Stored data entries:
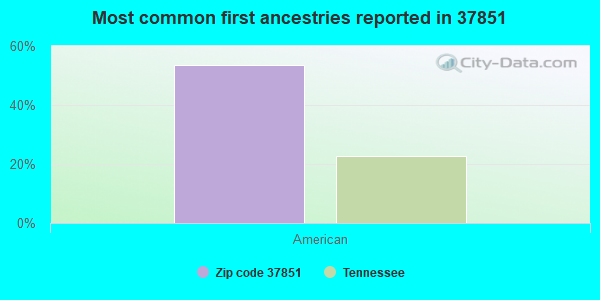 Most common first ancestries reported in 37851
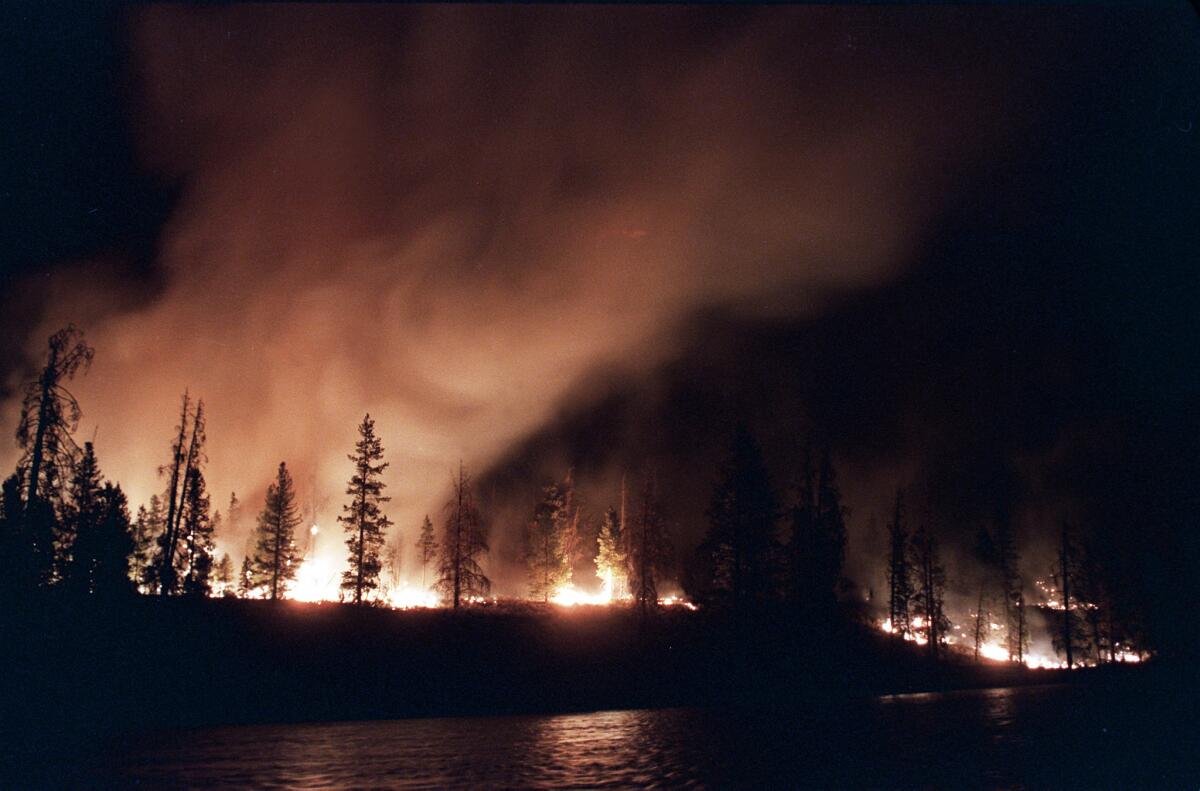 A fire blazes in Yellowstone National Park in 1988.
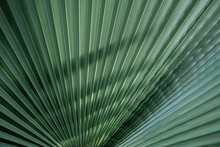 Close Up Of Textural Green Leaves Of Palm Tree.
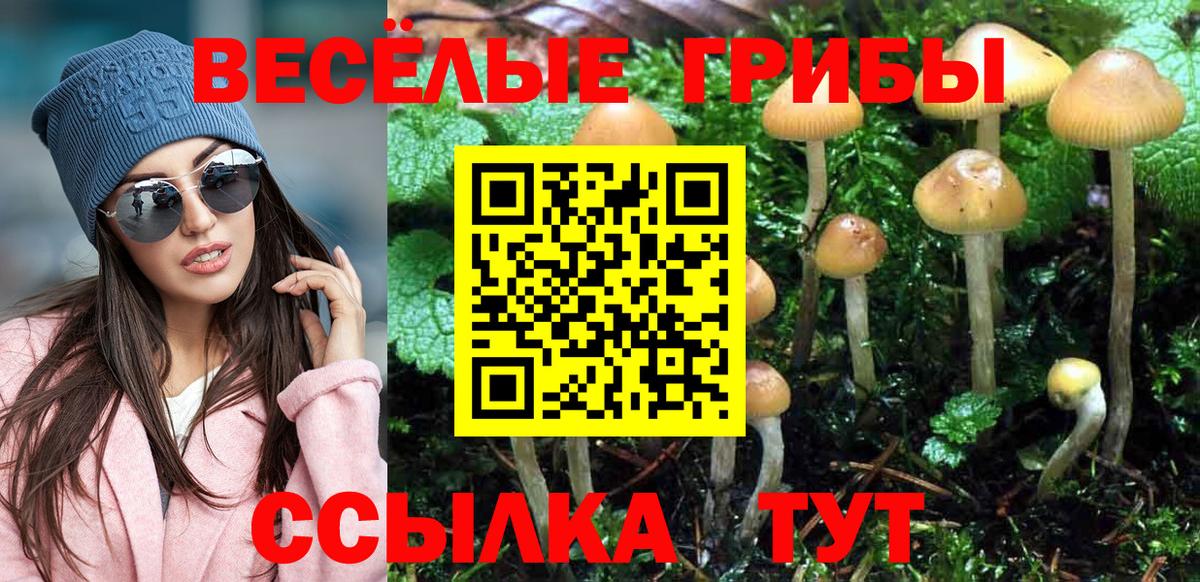 Псилоцибиновые грибы MAGIC MUSHROOMS Муравленко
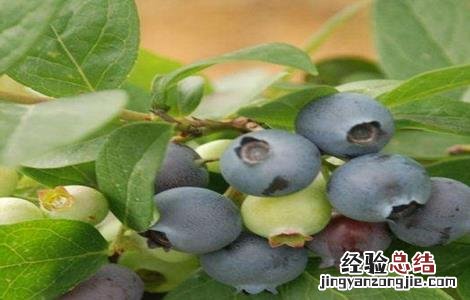 蓝莓种植方法和注意事项 蓝莓种植的注意事项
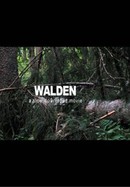Walden poster image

[Task statement]: The entries are to be transcribed word for word, without their images.

[Written answer]:
 Most common first ancestries reported in 37851
 A fire blazes in Yellowstone National Park in 1988.
 Close Up Of Textural Green Leaves Of Palm Tree.
 Псилоцибиновые грибы MAGIC MUSHROOMS Муравленко
 蓝莓种植方法和注意事项 蓝莓种植的注意事项
Walden poster image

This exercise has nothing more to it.